A figure was slumped by one of the cars, its whole left side a singed and blackened mass of ash.

Stan walked over to him. The man coughed and spewed a gout of red over the front of him. "We always wondered what had happened, Stan ... Mom and me. And then Avis found me and told me you had sold out." The low hacking cough again and a spasmodic heaving of the chest. "N ... never believed it. You weren't the type." His eyes closed in brief pain. "Told her that a hundred ... a thousand times, I guess." He paused for a moment and Stan thought he was gone. Then the eyes flickered open.

"I was g-gonna break the whole story in tomorrow's editions. Guess ... your man got wind of it."

Stan couldn't bring himself to look down at the left side where the clothing was burned and where half of the waist was carbonized. He knew Tanner's work with the heater and he knew how well the man liked to see his victims squirm.

The cough started in again and suddenly the man was sitting up, his face twisted with pain and tears. "Y-you don't even remember me! Y-you d-don't even remember your own damned brother!"

And just before he died he said: "I'm s-sorry, Stan. God bless...."

And then he was gone and Stan knew that the man he was holding was nothing more than dead clay. He crouched there, his face wet, and the bits and tiny pieces of personality that had once been Stanley Martin coalesced and recombined into the individual they had been eight years before.
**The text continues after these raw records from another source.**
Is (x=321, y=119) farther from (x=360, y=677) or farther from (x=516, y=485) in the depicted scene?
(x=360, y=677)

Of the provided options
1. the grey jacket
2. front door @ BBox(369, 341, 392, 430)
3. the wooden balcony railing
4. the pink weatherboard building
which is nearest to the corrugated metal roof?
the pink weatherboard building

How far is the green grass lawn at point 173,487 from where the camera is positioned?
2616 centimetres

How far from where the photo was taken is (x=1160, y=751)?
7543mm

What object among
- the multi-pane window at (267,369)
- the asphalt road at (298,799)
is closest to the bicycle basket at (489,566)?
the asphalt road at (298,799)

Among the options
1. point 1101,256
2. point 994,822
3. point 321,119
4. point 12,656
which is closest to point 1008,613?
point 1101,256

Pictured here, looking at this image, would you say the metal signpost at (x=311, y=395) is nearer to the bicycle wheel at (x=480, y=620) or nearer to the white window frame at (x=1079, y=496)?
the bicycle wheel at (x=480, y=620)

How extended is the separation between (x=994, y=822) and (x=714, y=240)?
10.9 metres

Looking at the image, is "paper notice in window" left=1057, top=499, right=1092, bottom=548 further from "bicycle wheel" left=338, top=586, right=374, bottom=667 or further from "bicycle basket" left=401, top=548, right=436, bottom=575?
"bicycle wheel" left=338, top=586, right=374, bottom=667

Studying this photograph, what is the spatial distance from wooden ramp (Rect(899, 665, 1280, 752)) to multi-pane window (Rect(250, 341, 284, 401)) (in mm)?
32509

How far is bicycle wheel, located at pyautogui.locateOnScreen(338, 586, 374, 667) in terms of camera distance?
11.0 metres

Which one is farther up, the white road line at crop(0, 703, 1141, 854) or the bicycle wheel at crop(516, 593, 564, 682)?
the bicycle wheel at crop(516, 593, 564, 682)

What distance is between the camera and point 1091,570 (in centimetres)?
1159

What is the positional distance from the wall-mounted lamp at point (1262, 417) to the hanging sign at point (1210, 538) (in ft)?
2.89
He stood up, the tears streaming down his face, and looked down at his brother Larry. A flood of memories were surging back. The games they had played, the arguments they had had, the way they had stuck up for each other....

And he could remember that morning when he had been slugged and the Thuscans had picked him up. Mr. Malcolm and Mr. Ainsworth and Tanner and the knives and the machines that had broken his spirit.

Somebody tapped him on the shoulder. A policeman had his notebook out and was looking at him curiously.